Like Father……Like Daughter!

6 Mar
Showing off his new car to his parents outside the house in Ritchie!

Showing off his new car to his parents outside the house in Ritchie!

“Like Father…..Like Daughter”……. I had never realized how true this saying was until I caught myself telling a friend about “my cave” in the basement of my house. We have had a very long winter which began in late October and is still ongoing. The message on my phone says something about “not being available as I have gone into my cave until spring”. Well it isn’t really a cave, it is the cellar in my house. It has a cement floor and walls and you can barely stand up without banging your noggan on the floor beams, but it does have a furnace and is very warm and cozy in the winter. I  have spent considerable time down there the past few months. I have all my Genealogy Research Material, books, maps, stacks of notes  and binders spread out over many surfaces. I never have to put anything away. No one else except the cat ventures down there.  I  take my laptop down with me and turn on the TV for additional stimulation. I can lose myself for hours doing my research.

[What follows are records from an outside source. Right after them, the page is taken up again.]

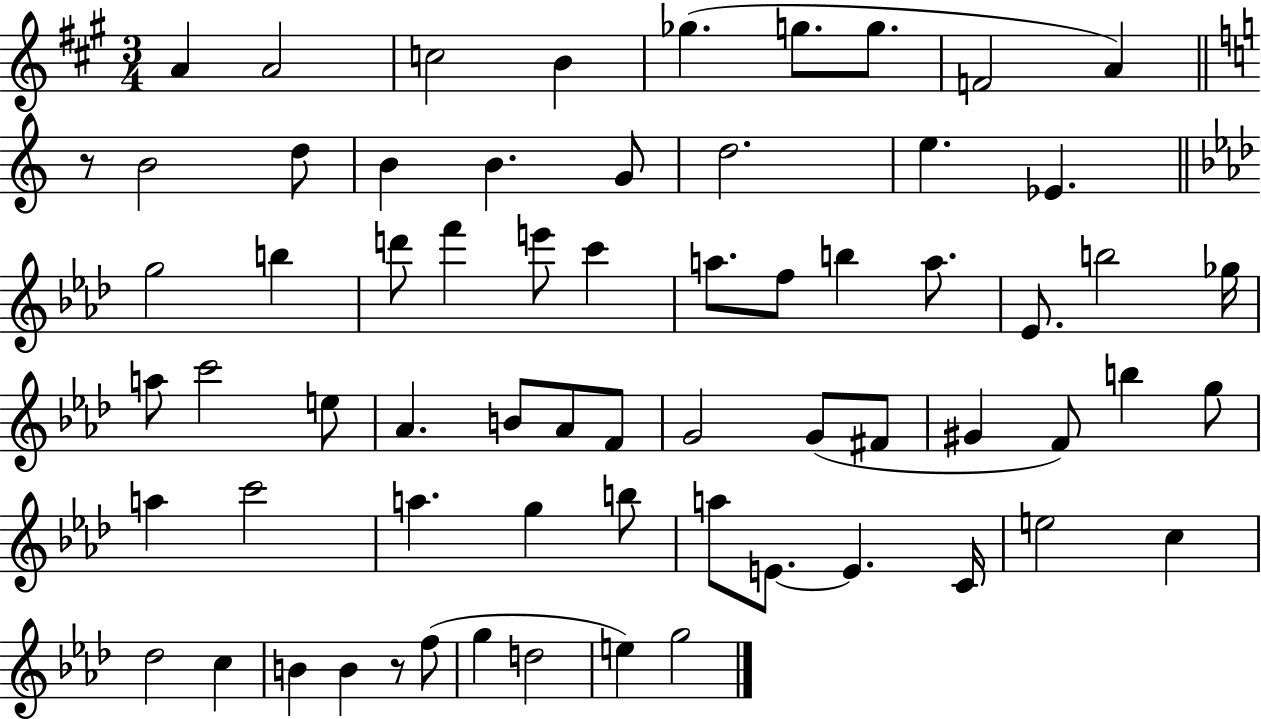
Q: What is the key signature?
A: A major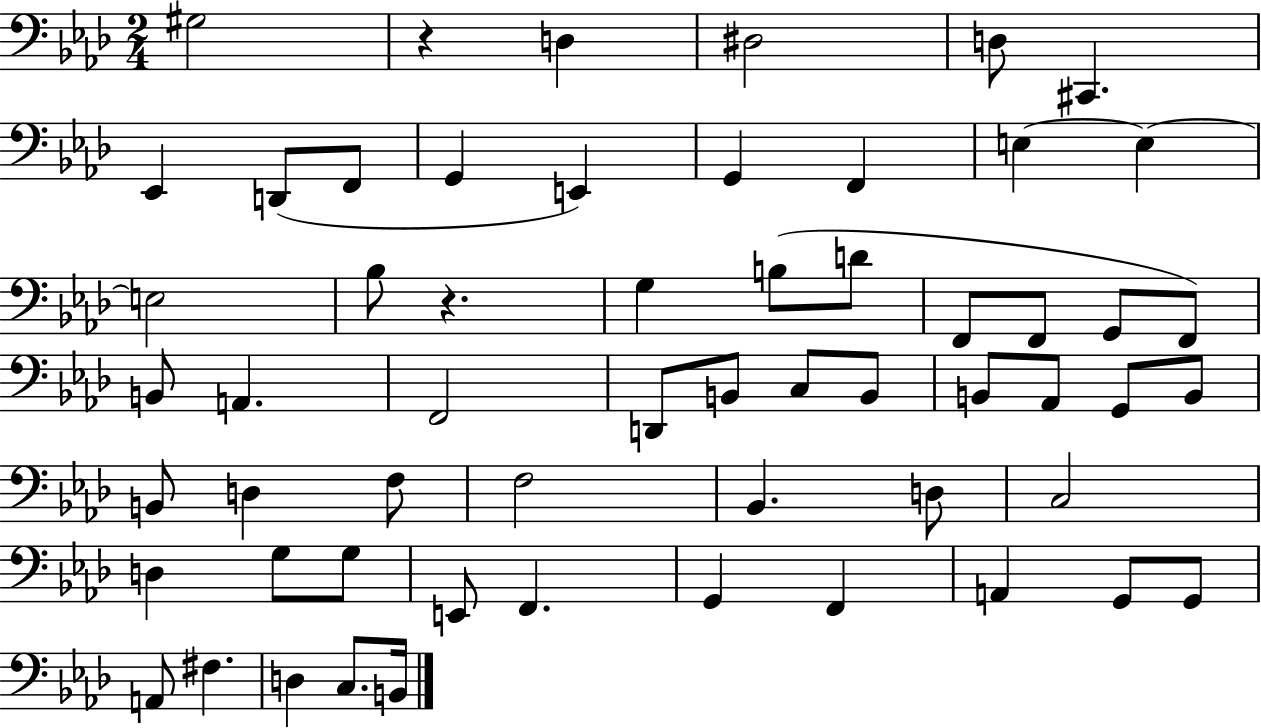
G#3/h R/q D3/q D#3/h D3/e C#2/q. Eb2/q D2/e F2/e G2/q E2/q G2/q F2/q E3/q E3/q E3/h Bb3/e R/q. G3/q B3/e D4/e F2/e F2/e G2/e F2/e B2/e A2/q. F2/h D2/e B2/e C3/e B2/e B2/e Ab2/e G2/e B2/e B2/e D3/q F3/e F3/h Bb2/q. D3/e C3/h D3/q G3/e G3/e E2/e F2/q. G2/q F2/q A2/q G2/e G2/e A2/e F#3/q. D3/q C3/e. B2/s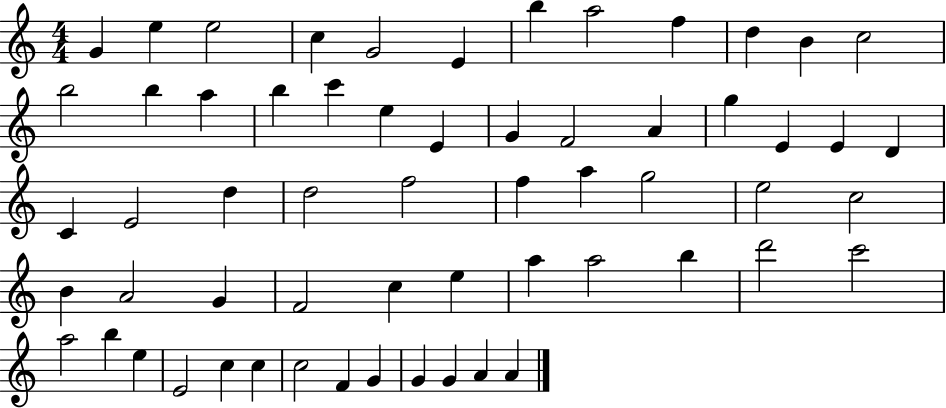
G4/q E5/q E5/h C5/q G4/h E4/q B5/q A5/h F5/q D5/q B4/q C5/h B5/h B5/q A5/q B5/q C6/q E5/q E4/q G4/q F4/h A4/q G5/q E4/q E4/q D4/q C4/q E4/h D5/q D5/h F5/h F5/q A5/q G5/h E5/h C5/h B4/q A4/h G4/q F4/h C5/q E5/q A5/q A5/h B5/q D6/h C6/h A5/h B5/q E5/q E4/h C5/q C5/q C5/h F4/q G4/q G4/q G4/q A4/q A4/q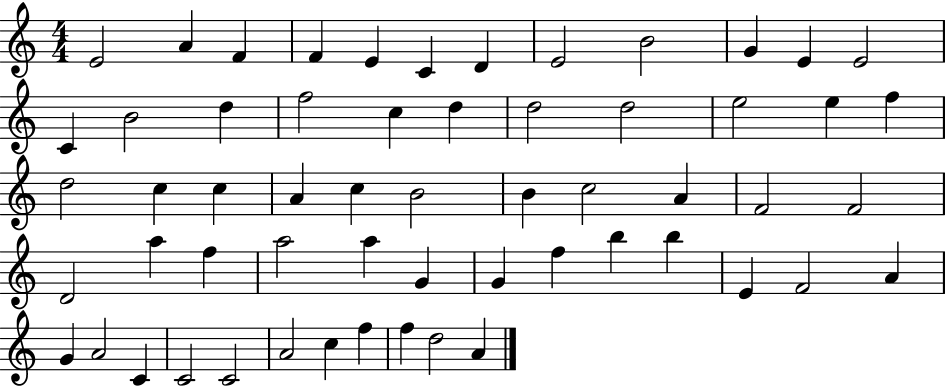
E4/h A4/q F4/q F4/q E4/q C4/q D4/q E4/h B4/h G4/q E4/q E4/h C4/q B4/h D5/q F5/h C5/q D5/q D5/h D5/h E5/h E5/q F5/q D5/h C5/q C5/q A4/q C5/q B4/h B4/q C5/h A4/q F4/h F4/h D4/h A5/q F5/q A5/h A5/q G4/q G4/q F5/q B5/q B5/q E4/q F4/h A4/q G4/q A4/h C4/q C4/h C4/h A4/h C5/q F5/q F5/q D5/h A4/q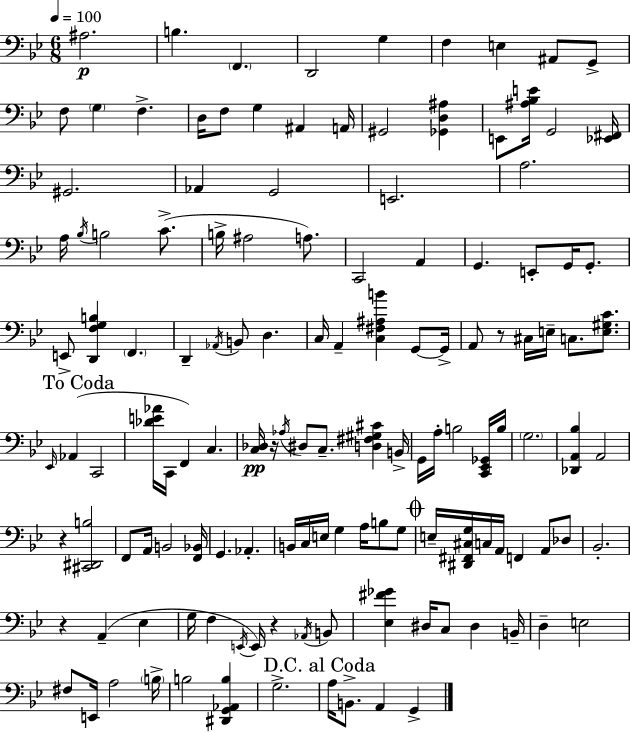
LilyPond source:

{
  \clef bass
  \numericTimeSignature
  \time 6/8
  \key bes \major
  \tempo 4 = 100
  ais2.\p | b4. \parenthesize f,4. | d,2 g4 | f4 e4 ais,8 g,8-> | \break f8 \parenthesize g4 f4.-> | d16 f8 g4 ais,4 a,16 | gis,2 <ges, d ais>4 | e,8 <ais bes e'>16 g,2 <ees, fis,>16 | \break gis,2. | aes,4 g,2 | e,2. | a2. | \break a16 \acciaccatura { bes16 } b2 c'8.->( | b16-> ais2 a8.) | c,2 a,4 | g,4. e,8-. g,16 g,8.-. | \break e,8-> <d, f g b>4 \parenthesize f,4. | d,4-- \acciaccatura { aes,16 } b,8 d4. | c16 a,4-- <c fis ais b'>4 g,8~~ | g,16-> a,8 r8 cis16 e16-- c8. <e gis c'>8. | \break \mark "To Coda" \grace { ees,16 } aes,4( c,2 | <des' e' aes'>16 c,16 f,4) c4. | <c des>16\pp r16 \acciaccatura { aes16 } dis8 c8.-- <d fis gis cis'>4 | b,16-> g,16 a16-. b2 | \break <c, ees, ges,>16 b16 \parenthesize g2. | <des, a, bes>4 a,2 | r4 <cis, dis, b>2 | f,8 a,16 b,2 | \break <f, bes,>16 g,4. aes,4.-. | b,16 c16 e16 g4 a16 | b8 g8 \mark \markup { \musicglyph "scripts.coda" } e16-- <dis, fis, cis g>16 c16 a,16 f,4 | a,8 des8 bes,2.-. | \break r4 a,4--( | ees4 g16 f4 \acciaccatura { e,16 } e,16) r4 | \acciaccatura { aes,16 } b,8 <ees fis' ges'>4 dis16 c8 | dis4 b,16-- d4-- e2 | \break fis8 e,16 a2 | \parenthesize b16-> b2 | <dis, g, aes, b>4 g2.-> | \mark "D.C. al Coda" a16 b,8.-> a,4 | \break g,4-> \bar "|."
}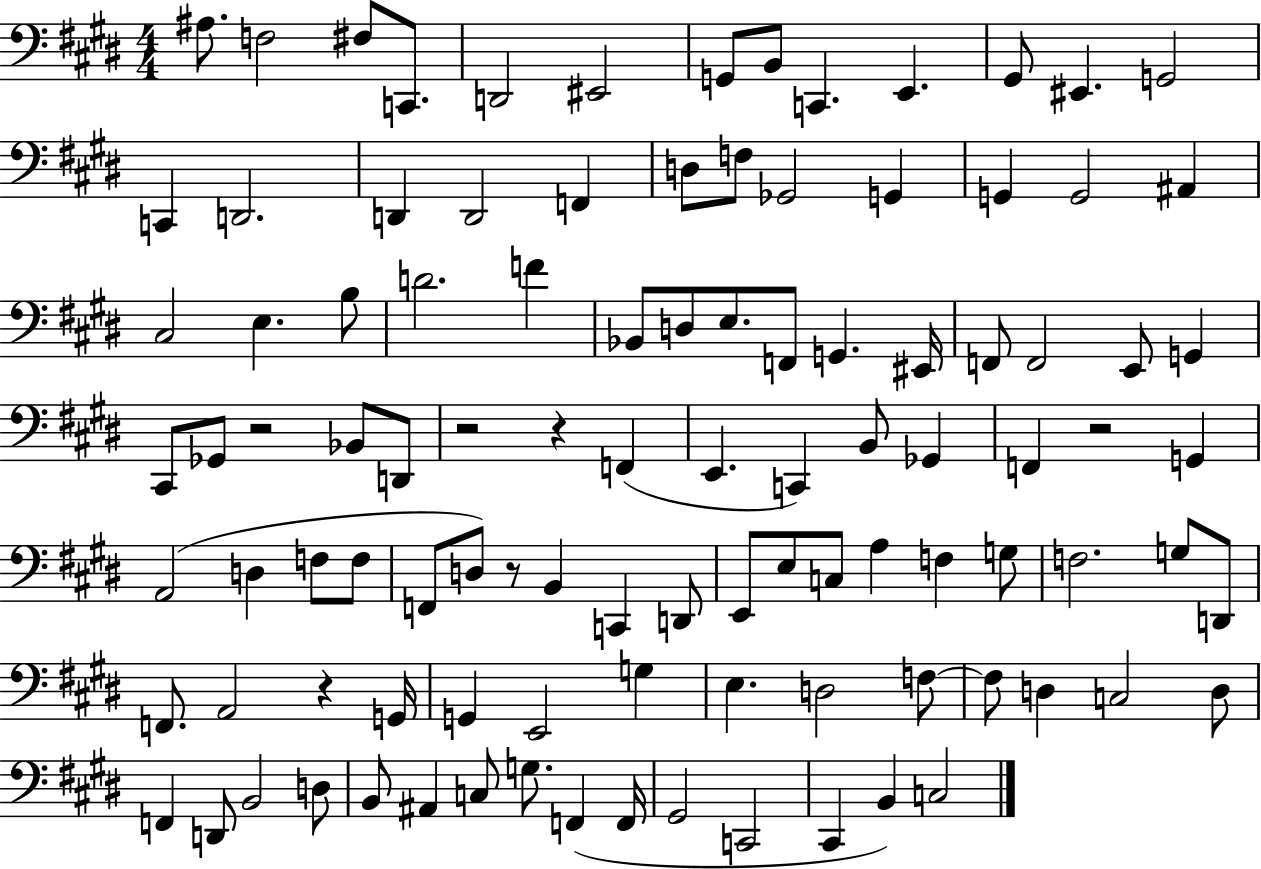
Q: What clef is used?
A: bass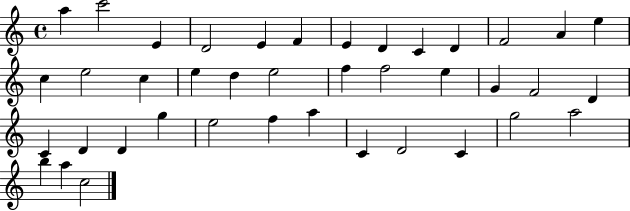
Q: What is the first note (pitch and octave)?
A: A5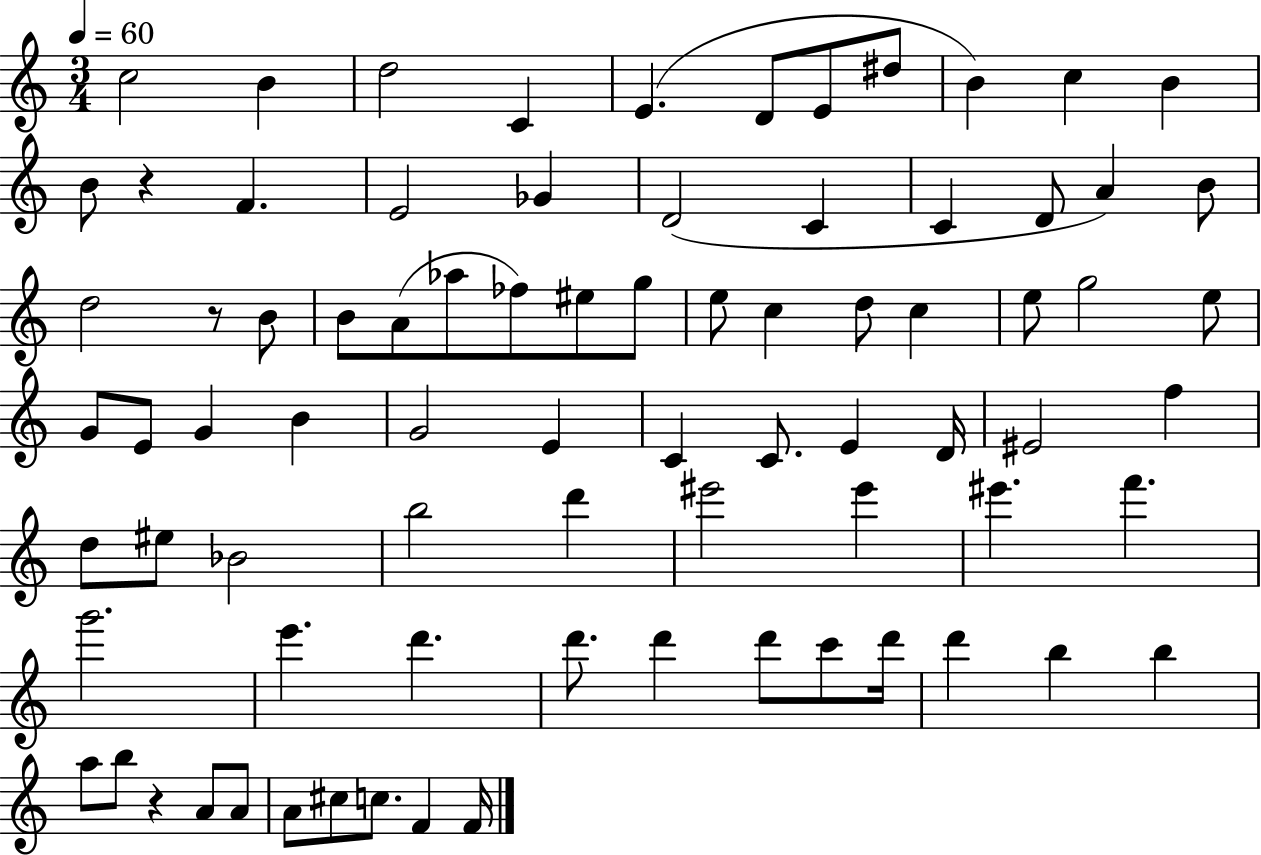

The connection with my dad goes way back. On those long winter nights, after he got home from work, he would go down to the cellar to listen to his ham radio and police scanner. I would go down to play with my toys and listen in to his conversations. My friends would also come over and we would play 78’s on an old RCA Record Player. Great entertainment in the 50’s and 60’s before all the other types of entertainment developed. I remember being excited when the mailman would bring cards confirming a contact he had made. His call letters were VE6 IR and he too would send these card to those he had connected with on his ham radio.

I often think how little I knew of my Dad. I was 33 years old when he died and to that point I guess I wasn’t all that interested in him as a person. He was just My Dad!

Tertius Bernard and his Dad, the Claybrooke Village Blacksmith (1906)

Tertius Bernard and his Dad, the Claybrooke Village Blacksmith (1906)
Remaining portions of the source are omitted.